La respuesta a tal interrogante es casi una obviedad. Las naciones desarrolladas tienen enormes intereses en la región. En primer lugar, desde luego, el crudo que alimenta a la industria norteamericana y europea. Esta riqueza diseminada bajo las arenas del desierto ha sido desde hace décadas el factor fundamental que orienta las luchas políticas en muchos de estos países. La riqueza petrolera ha determinado golpes de estado, asesinatos, guerras, invasiones extranjeras, acciones terroristas y, hoy, insurrecciones populares. En segundo lugar, no podemos olvidar el valor estratégico de toda la región, desde el Estrecho de Gibraltar al canal de Suez, desde el Mar Rojo al Estrecho de Ormuz. El panorama político de aquellos países del norte africano ha sido la presencia invariable de sistemas autocráticos, sea bajo la forma de monarquías, pseudo democracias o, explícitamente, dictaduras militares. Todo ello convirtió a las sociedades árabes en un mundo fosilizado, atrasado, una sociedad altamente desigual, con elites tan ricas como corruptas, y amplias mayorías de analfabetos y pobres.
Este estado de cosas fue no solo legitimado sino sustentado por los gobiernos occidentales, más interesados en facilitar gigantescos contratos para grandes corporaciones petroleras y millonarias ventas de equipos y armamentos a regímenes reñidos con el más mínimo principio democrático. El mismo coronel Gadafi, demonizado en la actualidad por la prensa de todo el mundo, había “hecho las paces” con occidente en nombre del pragmatismo. Las declaraciones de los gobiernos occidentales en torno a los derechos humanos y la democracia resultan ser no sólo de una hipocresía sin límites sino un grotesco. Las corporaciones petroleras y la banca occidental han sido cómplices del coronel libio y su clan, especialmente los gobiernos de Italia, España y Alemania.
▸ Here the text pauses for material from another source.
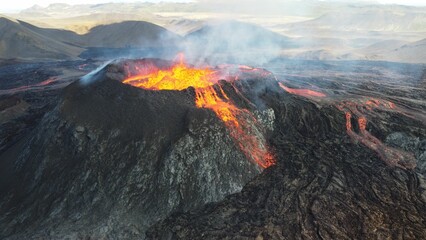 Landscape of lightening erupting from Mauna Loa Volcano in Hawaii with smoke and a hazy sky © Wirestock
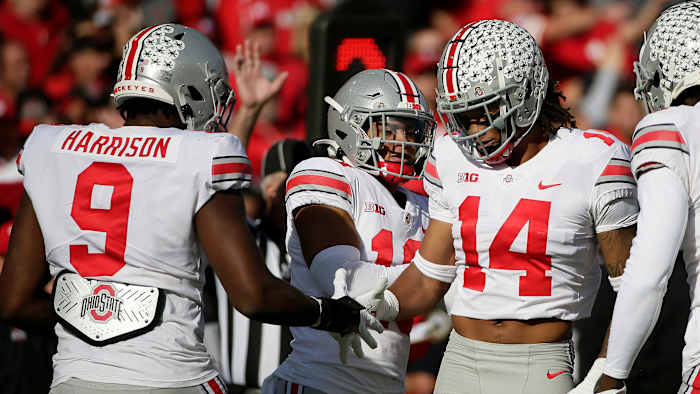 Ohio State players celebrate a sack of Nebraska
Más allá del discurso del presidente Barack Obama en el Cairo, lo cierto es que los Estados Unidos y sus socios europeos están cosechando las culpas de occidente, aquella política que fue sembrada en la era Bush, la intervención militar descarada o el apoyo a regímenes autocráticos serviles a sus intereses. La mecha sigue encendida en diversos países, ya que se trata de una insurrección regional en tiempos de globalización. Occidente está jugando con fuego al pie de un estanque de petróleo. La crisis del Medio Oriente no presagia nada bueno para el mundo: alza en los precios del petróleo y sus derivados, aumento de los flujos migratorios hacia las costas europeas, un clima de violencia generalizado en la región con insospechadas consecuencias en todo el planeta. Cualquiera sea el destino de este proceso histórico, es indudable que el mundo ya no será más lo que solía ser.